Holy Trinity Church was built by Gilbert Scott in 1842, made redundant in 1974, due to falling congregations, and was offered to the Shaftesbury Scout Group.
In 1979, a small Scout-based group, the Trinity Executive was formed, lead by Dick Ripper, to convert the church to a multi-use Trinity Centre – for the Scouts, as an old people’s day care centre, and for business and other community uses.
Fund-raising was undertaken guided by a fund-raiser, Brian Picking, who was loaned by Help The Aged. Several hundred local people donated, and fund-raising events were held.
A Charitable Trust was formed, chaired by Ford Geddes, which took over in November 1980. This became legally responsible for the Trinity Centre. The Executive and the Trust were all-volunteer groups.
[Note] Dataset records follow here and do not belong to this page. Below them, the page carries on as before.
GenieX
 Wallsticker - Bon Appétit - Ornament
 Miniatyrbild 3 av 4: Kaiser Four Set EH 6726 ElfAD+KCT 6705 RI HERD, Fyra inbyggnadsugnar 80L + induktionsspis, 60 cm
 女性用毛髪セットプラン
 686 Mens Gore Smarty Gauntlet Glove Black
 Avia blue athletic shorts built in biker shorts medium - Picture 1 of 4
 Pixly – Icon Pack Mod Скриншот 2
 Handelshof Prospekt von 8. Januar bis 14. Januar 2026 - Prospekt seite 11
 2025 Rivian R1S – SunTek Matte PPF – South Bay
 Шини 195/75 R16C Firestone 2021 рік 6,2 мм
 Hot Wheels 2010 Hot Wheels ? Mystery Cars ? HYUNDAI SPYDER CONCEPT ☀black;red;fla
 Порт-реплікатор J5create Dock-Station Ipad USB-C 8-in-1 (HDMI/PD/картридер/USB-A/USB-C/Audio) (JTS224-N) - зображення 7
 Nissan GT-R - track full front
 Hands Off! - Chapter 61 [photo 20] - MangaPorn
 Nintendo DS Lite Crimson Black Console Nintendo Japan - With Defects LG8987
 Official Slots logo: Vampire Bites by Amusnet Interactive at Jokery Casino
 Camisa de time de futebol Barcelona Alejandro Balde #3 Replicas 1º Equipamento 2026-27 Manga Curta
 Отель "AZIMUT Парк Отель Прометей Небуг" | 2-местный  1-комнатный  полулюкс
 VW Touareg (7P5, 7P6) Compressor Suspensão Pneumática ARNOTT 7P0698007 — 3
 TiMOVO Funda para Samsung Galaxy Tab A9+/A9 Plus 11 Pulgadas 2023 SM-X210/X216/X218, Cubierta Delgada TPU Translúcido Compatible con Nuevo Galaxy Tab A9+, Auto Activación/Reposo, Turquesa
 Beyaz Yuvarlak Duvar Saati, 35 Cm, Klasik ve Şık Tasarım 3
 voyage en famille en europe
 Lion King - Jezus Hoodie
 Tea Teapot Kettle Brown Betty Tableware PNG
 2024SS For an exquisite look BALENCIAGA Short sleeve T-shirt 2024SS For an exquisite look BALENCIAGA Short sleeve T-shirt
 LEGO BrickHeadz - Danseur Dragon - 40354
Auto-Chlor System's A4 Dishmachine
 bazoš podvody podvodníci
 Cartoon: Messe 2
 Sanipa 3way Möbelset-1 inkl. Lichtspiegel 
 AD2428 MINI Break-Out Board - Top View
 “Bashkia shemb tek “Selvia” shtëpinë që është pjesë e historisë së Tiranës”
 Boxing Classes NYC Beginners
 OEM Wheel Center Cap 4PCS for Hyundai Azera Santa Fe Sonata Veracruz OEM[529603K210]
The building work was contracted to Williams Brothers, a local company, and supervised by Leo Williams. Trinity Centre was opened in May 1982.
The cost of the project was around £130,000, half contributed by local donors, and half by pre-payments for the facilities created. No support was sought or offered by central government or lottery etc.
The Trust has always operated on minimum costs with only one paid staff, and income [derived from use of the facilities created] exceeds expenditure.
Profitable operation has allowed the trust to fund many local good causes, and to accumulate financial reserves.
The Scouts continue to benefit from use of the building, on very favourable terms.
By 2012, the Trust under the leadership of Jo Churchill decided that sufficient funds had been accumulated to transform the 26-meter high tower. This now offers a viewing platform for public use that is accessed via 126 steps up a narrow spiral stone staircase, and commands an all-round view of the area.